O excedente externo
alemão é mau não só para a zona do euro, como para o mundo como um todo
Políticos demagogos e irresponsáveis, demasiadas vezes o
espelho do eleitorado, têm tendência para criar défices públicos e défices
externos. Os défices públicos surgem de despesas públicas imparáveis, para
satisfazer inúmeras clientelas, a par de impostos insuficientes, devido à sua
impopularidade.
As políticas que gerem défices públicos têm tendência para
gerar défices externos (por isso, muitas vezes designados como défices gémeos),
a que muitas vezes se adiciona outra, uma taxa de câmbio artificialmente
elevada, que os agrava. Uma taxa de câmbio elevada diminui o preço dos bens
importados, o que no caso dos bens alimentares e combustíveis é muito popular e
atraente para políticos de todas as cores.
Em 1978 e 1983, foi exactamente o problema de um défice
externo elevado a razão porque tivemos que pedir ajuda ao FMI. Em 2011, embora
não fosse essa a face visível, foi também esse o motivo porque tivemos de pedir
ajuda à troika. Com moeda própria, os
défices públicos não são um problema porque podemos sempre imprimir moeda para
os financiarmos. Mas como não podemos imprimir dólares, temos mesmo que
eliminar o défice externo. Dentro do euro, é o défice público que tem que ser
corrigido, porque imprimir moeda deixou de ser uma opção.
Há, no entanto, uma diferença muitíssimo importante entre um
défice público e um défice externo. Se um país tem um défice público elevado,
isso não tem implicações sobre o saldo orçamental dos outros, que tanto pode
ser positivo, como negativo.
Com as contas externas já não se passa o mesmo. Se um
determinado país tem um défice externo, então há algures no mundo um
correspondente excedente externo de igual montante. Tudo isto porque a soma de
todos os saldos externos de todos os países é zero.

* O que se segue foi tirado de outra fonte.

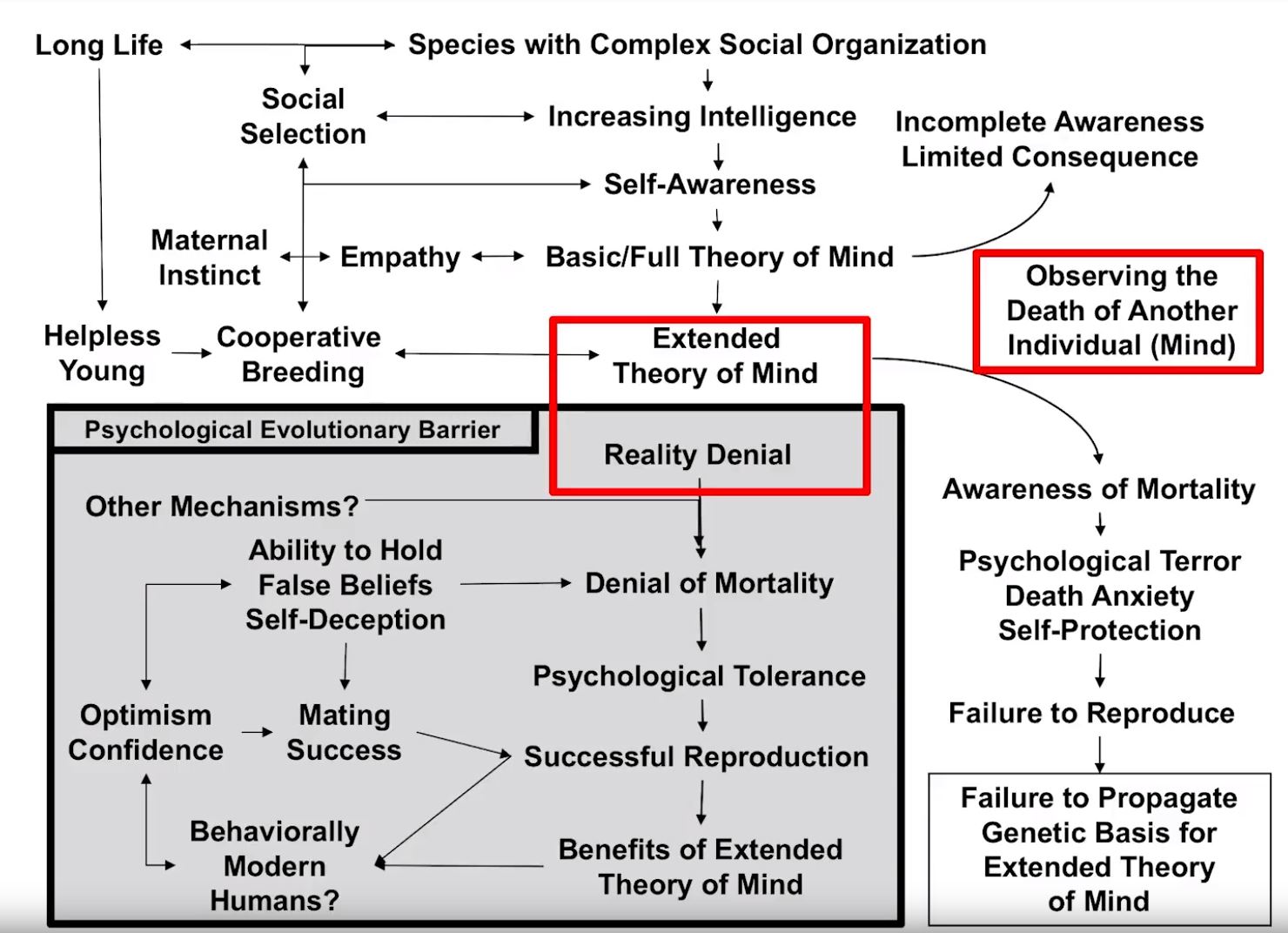 Mind Over Reality Transition (MORT)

Por isso, se um grande país, como a Alemanha ou a China, têm
um elevado excedente externo, eles estão – necessariamente – a gerar, algures
no mundo, défices externos elevados.
O problema é que existe uma brutal assimetria nos desvios ao
equilíbrio externo. Se os desvios a um saldo nulo forem negativos (défices), o
país terá rapidamente que encontrar forma de os reduzir, sob pena de ficar sem
financiamento externo. Já se os desvios forem positivos (excedentes), o país
não é forçado a fazer nada, podendo limitar-se a acumular reservas em divisas,
ir emprestando dinheiros aos países deficitários ou comprar activos no
exterior.
Se os desvios do equilíbrio externo produzissem,
naturalmente, uma pressão idêntica de ambos os lados, o trabalho dos países
deficitários ficava muito mais facilitado. Por isso é que faz sentido que, para
corrigir esta imperfeição natural, se introduzam medidas de política que forcem
os países excedentários a reduzir o seu excedente.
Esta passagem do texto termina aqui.